Daily Windup: How Lou Piniella could decide NL playoff races
The road to the National League playoffs this year runs straight into Lou Piniella's firmly set and stubble-covered jaw and takes an immediate turn north, right into his churning frontal lobe. As we saw against the Mets this week, and as we'll find out this weekend against the Brewers, whatever tricked-up or tricked-down lineup that the Cubs' manager throws out there, whatever pitching rotation he settles on, whatever he decides to do with his bullpen will have a direct bearing on how the wild card, and maybe even the NL East race, shakes out.
It's a great place to be in if you're Piniella or a Cubs' fan. The NL Central title is locked up. The Cubs have the best record in the league. They have the home-field advantage that comes with it. Piniella can simply cruise now, try to set up his postseason rotation, give his untested a little more testing, rest his regulars, heal his sick, take an extra smoke break ... whatever. If you checked out any of the Cubs' lineups this week against the Mets, they've already done just about all of that.
But for the rest of the NL playoff contenders, this is an odd, uncomfortable spot, being at the mercy of Piniella. Will the sometimes Not-So-Sweet Lou finally pull out the real lineup and play his front-liners this weekend in Milwaukee? Or will he give the B team some more reps? If he goes Cubs Lite, will the Brewers have as hard of a time dealing with them as the Mets did?
And how much will all of that affect the whole wild card/NL East thing?
Yeah, it's a twisted little game that Piniella is running here. And he's playing it perfectly.
"If we were playing non-contending teams, nobody would be saying a word," Piniella told reporters in New York before Thursday's loss to the Mets. "What's the sense of trying to take care of everybody else? Take care of yourself ..."
Piniella turned in a lineup card on Thursday against the Mets without its regular third baseman, first baseman, left fielder, right fielder and catcher. He refused, for the second straight night, to call on setup man Carlos Marmol (though he certainly could have used him). Closer Kerry Wood faced all of four batters in the four-game series.
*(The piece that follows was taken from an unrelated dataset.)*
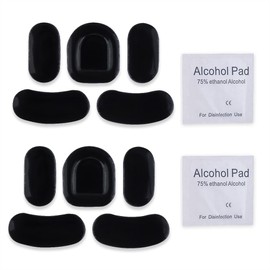 HUYUN 2 Sets Rounded Curved Edges Mouse Skatez & Mouse Feet & Mice Feet & Mouse Skates Compatible for Razer Viper Mini Se Mouse (Black)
Instead on Thursday, the Mets saw catcher Koyie Hill (not Geovany Soto), first baseman Micah Hoffpauir (instead of Derrek Lee), third baseman Casey McGehee (while Aramis Ramirez sat), left fielder Felix Pie (no Alfonso Soriano) and right fielder Kosuke Fukudome (instead of, more likely, Mark DeRosa). And yet it still took a walkoff hit from Carlos Beltran in the bottom of the ninth -- off the glove of Hoffpauir, who had gone 5-for-5 in the game, with two home runs -- for the Mets to win, 7-6.
As it turned out, the Mets split the series, though they won two of three from the pseudo Cubs. (The real Cubs won the first game, clinching home-field advantage and putting Piniella's plan for the rest of the series into motion.) The Mets, in fact, probably could have finished up with wins in all three of the final games with even a smidgen of timely hitting in Wednesday's extra-inning loss.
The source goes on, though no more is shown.